"O que me preocupa não é nem o grito dos corruptos, dos violentos, dos desonestos, dos sem caráter, dos sem ética... O que me preocupa é o silêncio dos bons." - Martin Luther King

sexta-feira, 14 de setembro de 2012

O sangue e a alma – Por Merval Pereira


A ministra Cármen Lúcia pontuou ontem o julgamento do mensalão que tratava de lavagem de dinheiro não apenas com a clareza de seu voto, mas com a definição de que “o dinheiro é para o crime o que o sangue é para a veia: se não circular com volume, não temos como irrigar o esquema”. 
Como já está definido que em grande parte o dinheiro desse esquema criminoso vem da administração pública, a ministra ressaltou que o que foi montado “é um sistema delituoso e grave, alimentado desta maneira”. 
Alguns votos de ontem, por sinal, já anteciparam posições de ministros sobre questões que serão analisadas mais adiante, como a distribuição de dinheiro a políticos. 
A ministra Carmem Lucia, em determinada altura de seu voto, descreveu que “se teve obtenção de recursos de maneira ilícita e a recolocação e entrega a beneficiários que se colocaram à disposição para se fazer isso”. 
Já o ministro Dias Toffoli admitiu “ser possível efetivar uma correlação lógica entre os recursos desviados com a conivência de Henrique Pizzolato, tanto no que se refere ao bônus como à antecipação das verbas do recurso Visanet, e os empréstimos tomados do Banco Rural” à lavagem de dinheiro pelas agências de Marcos Valério e seus sócios, afirmando que está comprovado “o chamado valerioduto”. 
Mas antecipou uma dúvida: se será provado que esse dinheiro serviu para comprar votos no Congresso Nacional.

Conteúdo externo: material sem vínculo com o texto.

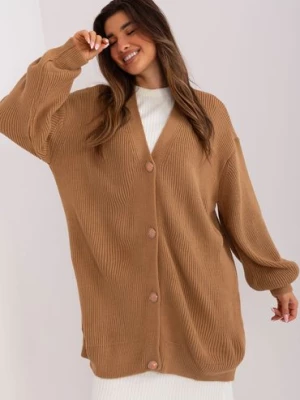 Camelowy rozpinany sweter oversize z guzikami BADU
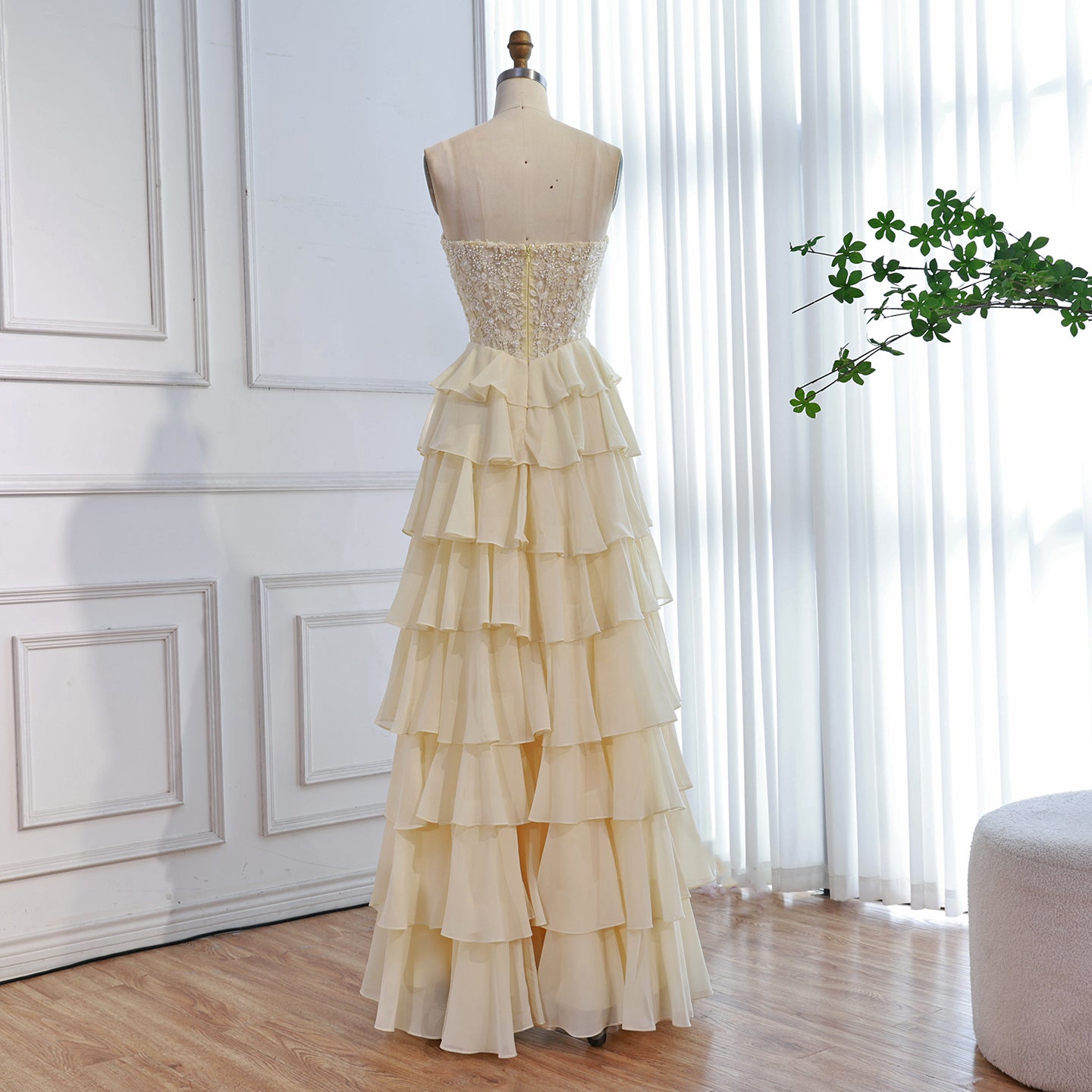 Light Blue Strapless Lace Chiffon Flowy A-Line Prom Dress for Party LA73434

Sua definição provocou uma reação do ministro Gilmar Mendes, que declarou: “Só por um reducionismo muito forte poder-se-ia falar em um "valerioduto". A rigor, é um sistema muito mais complexo do que isso e envolve a participação de autoridades e agentes públicos”. Esse sistema tem alma, exclamou Gilmar Mendes. 
Outro ponto importante do julgamento foi a tentativa do relator Ricardo Lewandowski e do ministro Dias Toffoli de absolver o advogado Rogério Tolentino do crime de lavagem de dinheiro, sob a alegação de que ele era um mero advogado de Marcos Valério e não tinha nenhum poder de mando no esquema criminoso. 
Essa desqualificação de Tolentino antecipa uma outra posição dos dois ministros com relação a indícios que comprometem o ex-ministro do Gabinete Civil José Dirceu. 
Rogério Tolentino foi quem comprou o apartamento de Maria Ângela da Silva Saragoça, ex-mulher de José Dirceu, a pedido de Marcos Valério, que também foi empregada no banco BMG, por interferência do lobista mineiro. 
Foi no BMG que Tolentino tomou um empréstimo de R$ 10 milhões, também a pedido de Marcos Valério, que, na opinião da maioria do STF, permitiu a lavagem de dinheiro desviado dos cofres públicos através de uma triangulação bancária com a empresa de Tolentino. 
O revisor Ricardo Lewandowski alegou que a questão do empréstimo do BMG não estava sendo tratada naquele julgamento, e apenas os empréstimos do Banco Rural, por isso não havia nos autos nada que se referisse a Rogério Tolentino naquele item específico de lavagem de dinheiro. “Mais adiante podemos ver se ele é culpado por formação de quadrilha ou corrupção ativa”, alegou o ministro. 
No entanto, a começar do relator, vários ministros demonstraram que o processo é unitário, não havendo possibilidade de não se analisar alguém por um delito simplesmente por que os detalhes não estão descritos naquela determinada fatia do julgamento. 
O presidente do Supremo Ayres Britto lembrou que todos os ministros tomaram conhecimento integral do processo, e têm informações sobre as conexões de cada um dos acusados. E nos autos havia referência explícicita ao empréstimo do BMG, entre outros. 
A preocupação com a corrupção foi ressaltada no voto do presidente Ayres Britto, que disse que ela leva à “desnaturação do exercício da função pública, a um comércio ultrajante da função pública, e mais do que isso. A corrupção também leva a uma apatia cívica, a um ceticismo cívico, os cidadãos deixam de acreditar na seriedade do poder público”. 
O decano do STF, ministro Celso de Mello, chamara a atenção em seu voto sobre o montante que o crime organizado movimenta pelo mundo, calculado em US$ 1 trilhão “só em matéria de recursos oriundos do tráfico de entorpecentes”. 
A preocupação, ressaltou, “é impedir que ela se valha dos agentes da República, que ela penetre no aparelho do Estado, para, a partir dos ganhos colossais, exercer uma gama muito extensa de poder político, em ordem até mesmo de comandar o próprio Estado - o que é terrível e, por isso mesmo, merece toda repulsa. (...) Portanto, a repercussão não é apenas penal, mas na esfera política e constitucional”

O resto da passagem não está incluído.